### PROBLEM TO SOLVE
Within the entries below, find the portion that opens with the line containing "Snapshot of Sarah_Adamss" and closes with the line containing "6143 Edsall Rd #C — Photo 8". Retype that portion exactly and only.

=== LISTED RECORDS ===

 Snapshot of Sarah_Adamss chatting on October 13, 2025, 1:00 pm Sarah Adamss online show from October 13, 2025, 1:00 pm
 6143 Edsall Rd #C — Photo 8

===
=== LISTED RECORDS ===

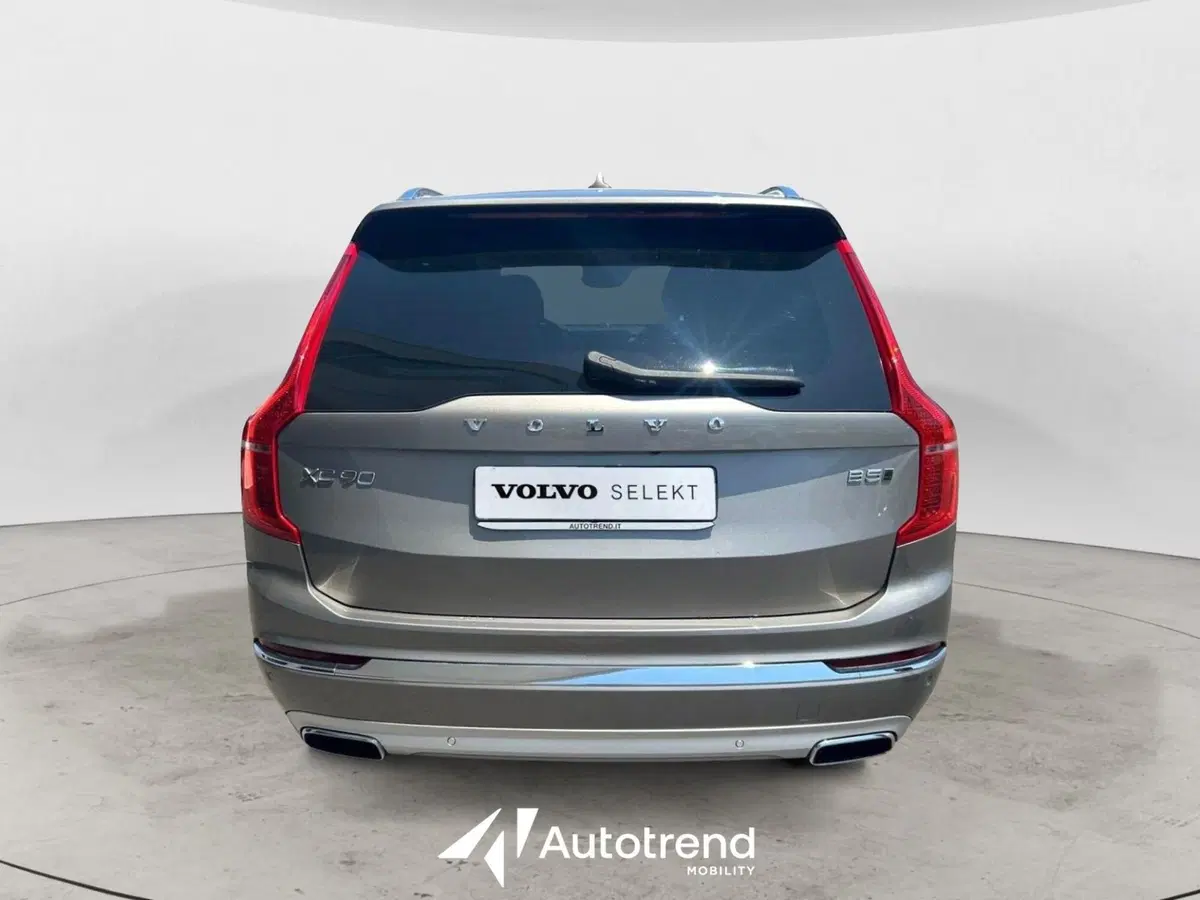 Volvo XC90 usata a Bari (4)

===

### RESPONSE TO THE TASK
 Snapshot of Sarah_Adamss chatting on October 13, 2025, 1:00 pm Sarah Adamss online show from October 13, 2025, 1:00 pm
 6143 Edsall Rd #C — Photo 8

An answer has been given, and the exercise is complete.